Pakistan's former Prime Minister Benazir Bhutto has begun talks with other opposition leaders to plan how to overturn the country's emergency rule.
Benazir Bhutto wants elections to be held on schedule
However, some important parties are not in attendance. Ms Bhutto's party has refrained from street protests, but is planning a rally for Friday.
A top official from President Pervez Musharraf's party said emergency rule might only last two or three weeks.
But a BBC correspondent says the party has been giving conflicting signals.
Chaudhry Shujaat Hussain, president of the ruling Pakistan Muslim League, told the Dawn newspaper: "I'm sure it will end in two to three weeks as President Pervez Musharraf is aware of the consequences of long emergency rule."
But there appears to be a split between those members of the party advocating that parliamentary elections should be held on schedule - by mid-January - and those who want them postponed, says the BBC's Barbara Plett in the capital, Islamabad.
Meanwhile some 2,000 lawyers and students have begun a protest in Islamabad.
Threat to rally
Ms Bhutto heads the country's leading political group, the Pakistan People's Party. She has been joined in the Islamabad talks by a number of relatively small parties.
But the important MMA (United Council of Action) - an alliance of Islamic parties - is absent, as is the PML-N party of former Prime Minister Nawaz Sharif.
The Movement for Justice Party of former cricket star Imran Khan is not at the talks either.
Mr Khan is in hiding, but appeared in a video on Wednesday calling for "massive street protests".
"I think that if we do not resist this, if we do not raise our voices against this, if we do not struggle against this, he [Gen Musharraf] is taking the country towards destruction," he said.
The opposition parties have so far not mobilised masses of supporters to join street protests, which have been led by lawyers and civil rights activists.
Hundreds of protesters have been arrested as police have stamped out demonstrations.
But Ms Bhutto has called on her Pakistan People's Party (PPP) to boycott parliament on Wednesday and hold a protest outside.
The PPP has also vowed to hold a rally on Friday in Rawalpindi, just outside the Pakistani capital, despite a ban on such demonstrations.
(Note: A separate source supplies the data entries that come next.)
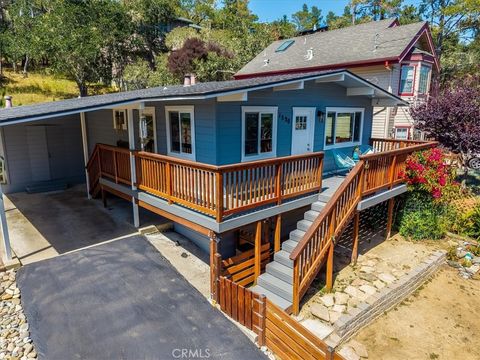 Photo of 1520 Astor Avenue, Cambria, CA 93428 (MLS # SC26106775)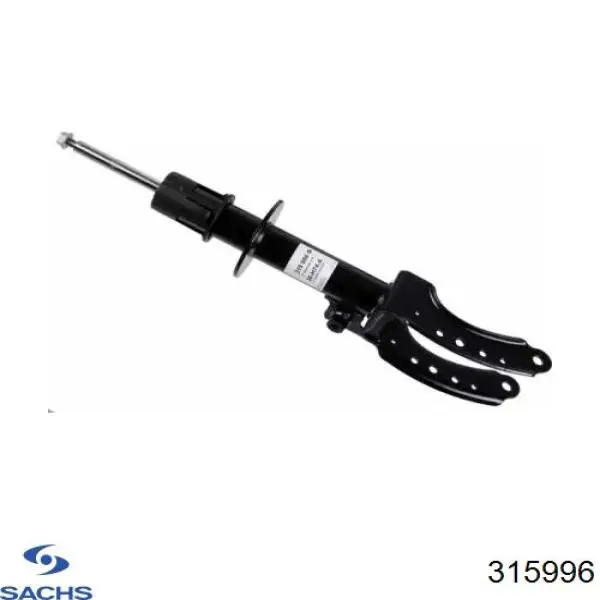 Амортизатор подвески передний левый Sachs 315996 цена, от 293.22 USD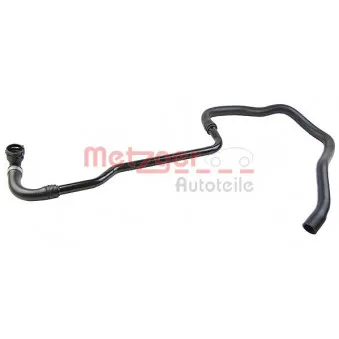 Durite de radiateur METZGER 2420570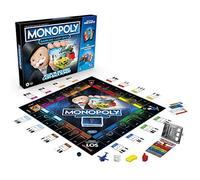 Hasbro Monopoly Banking Cash-Back | E8978100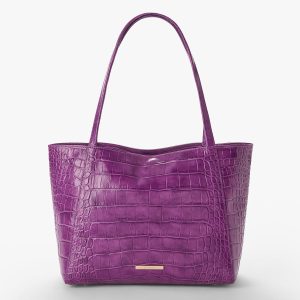 Purple Alba swatch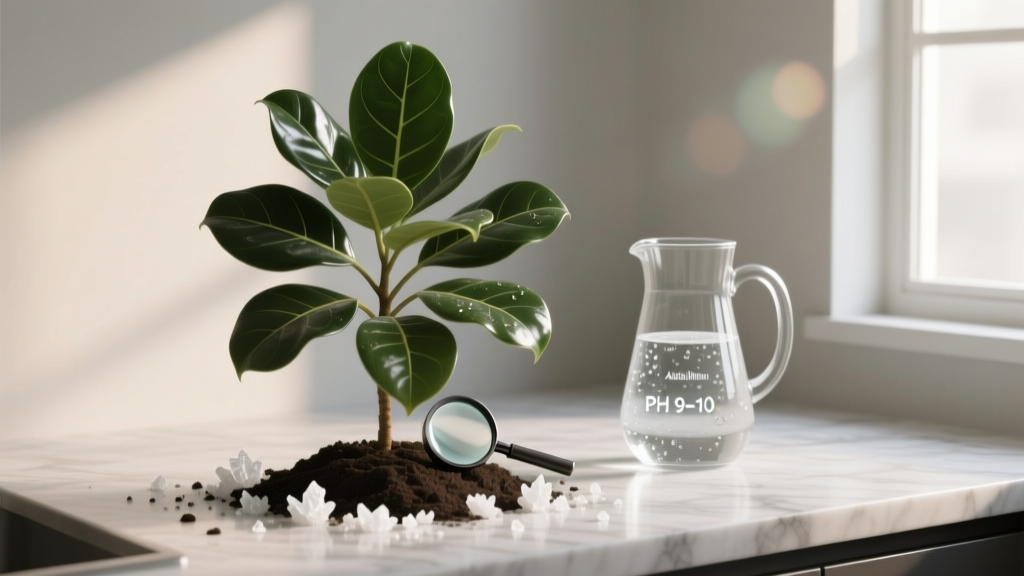 Is Alkaline Water Good for Indoor Plants? (2026)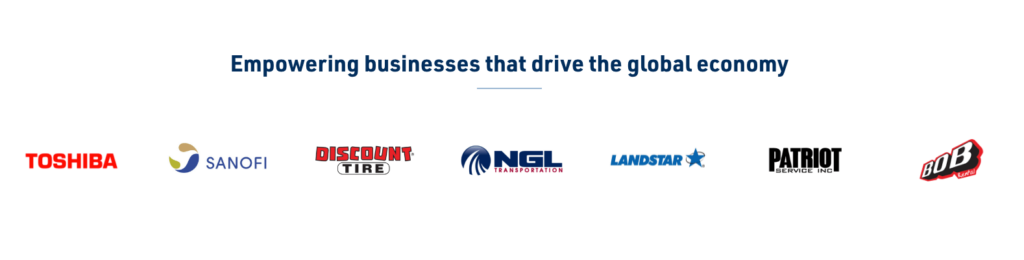 Logos as credibility builders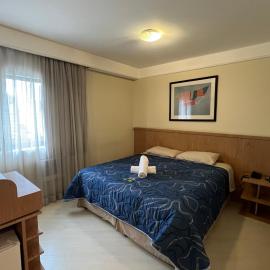 Hotel Flat Biena Parque Ibirapuera 707 incluso estacionamento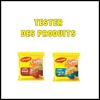 Tester des Produits : Nouilles Express MAGGI - Saveur Boeuf ou Goût Curry - anti-crise.fr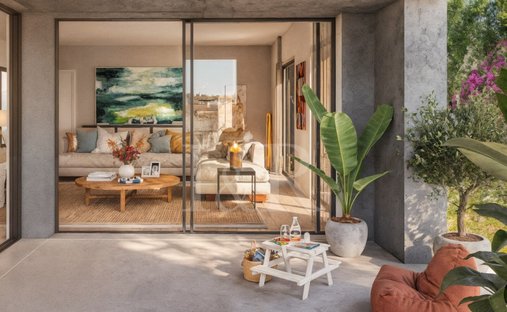 Villa a Caparica e Trafaria, Setúbal Municipality, Portogallo 1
The aim is to increase pressure on President Musharraf to meet her two main demands - to give up his role as head of the army, and to hold elections - says the BBC's Shoaib Hasan in Islamabad.
"We denounce the government ban, and want to make it clear that our supporters and leaders will reach Rawalpindi for the rally," Babar Awan, a senior PPP member, told the Associated Press (AP) news agency.
However, the mayor of Rawalpindi, Javed Akhlas, vowed: "We will ensure that they don't violate the ban on rallies, and if they do it, the government will take action according to the law."
He told AP there was a "strong threat" of another suicide bomb attack against Ms Bhutto, who survived an assassination attempt on 18 October that killed more than 140 people.
Meanwhile the diplomatic pressure on Pakistan to end its state of emergency continues.
UN Secretary General Ban Ki-moon has insisted the country should return to civilian democratic rule.
He called for the release of political leaders and lawyers detained during the crisis in Pakistan and for restrictions on the media to be removed.
Protests have been continuing, with many participants being arrested
Pakistan's ambassador to the UN, Munir Akram, dismissed the demands.
"We think it's an internal matter and the United Nations has no business to pronounce itself on that," he told the BBC.
The UN Security Council, meanwhile, has been silent on Pakistan, in contrast to the stance it has taken recently over Burma, says the BBC's Laura Trevelyan at the UN.
The Security Council's mission is to deal with threats to international peace and security.
But Pakistan is seen as a country where the US has influence and is actively applying pressure, our correspondent says.
The Pakistani government's crackdown on pro-democracy activists continued on Tuesday with dozens of arrests reported.
The country's sacked chief justice, Iftikhar Chaudhry, called for his countrymen to "rise up" and restore the constitution.